On Mon, Sep 28, 2015 at 12:00:52PM +0100, Cathal (Phone) wrote:
I gather it was discovered when a trade association was setting out to show off how awesome and clean modern diesels were, and did their own tests on actual road driving unlike the EPA. They discovered how shit the pollution really was and decided to report it.
Which, if that's accurate, really reaffirms my faith in some of humanity, because it was actively against their interests to do so?

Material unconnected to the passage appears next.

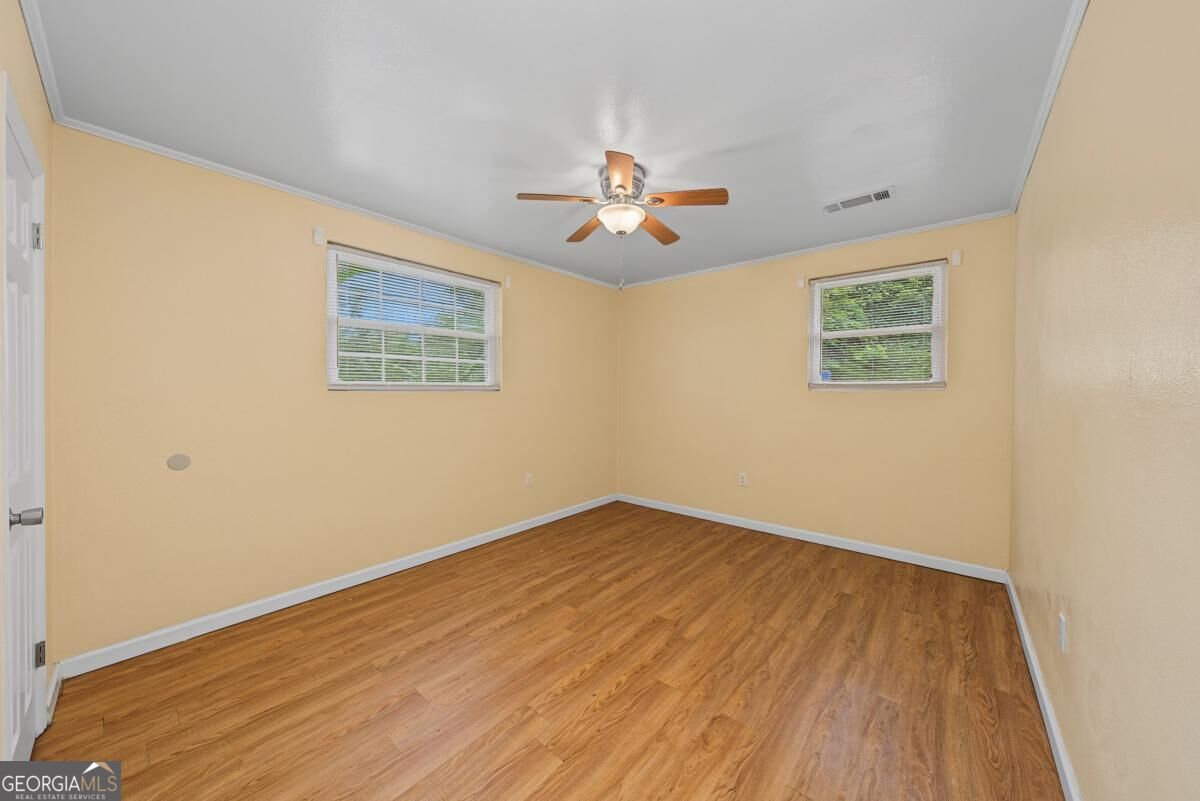 559 Pulaski Street Property Photo 15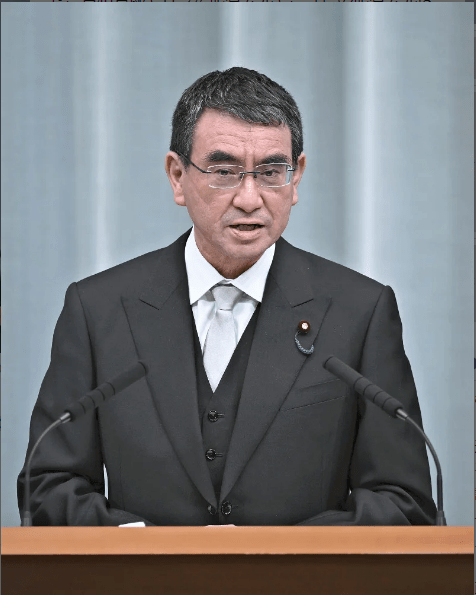 日本首相河野太郎图片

AFAICT this was discovered by scholars, not regulators (check wikipedia link). Cheating EPA appears to be common practice: https://en.wikipedia.org/w/index.php?title=Volkswagen_emissions_violations&oldid=683264419 In 1973, Chrysler, Ford Motor Company, General Motors, Toyota, and Volkswagen had to remove ambient temperature switches which affected emissions, though the companies denied intentional cheating and said that strategies like enriching fuel mixture during cold engine warm-up periods could reduce overall pollution. In 1996 General Motors had to pay a near-record fine of $11 million, and had to recall almost as many cars as Volkswagen's US TDI diesels, 470,000, when they, like Volkswagen, programmed ECU software to disengage emissions controls during conditions known to exist when the cars were not being lab tested by the EPA. There are more cases linked.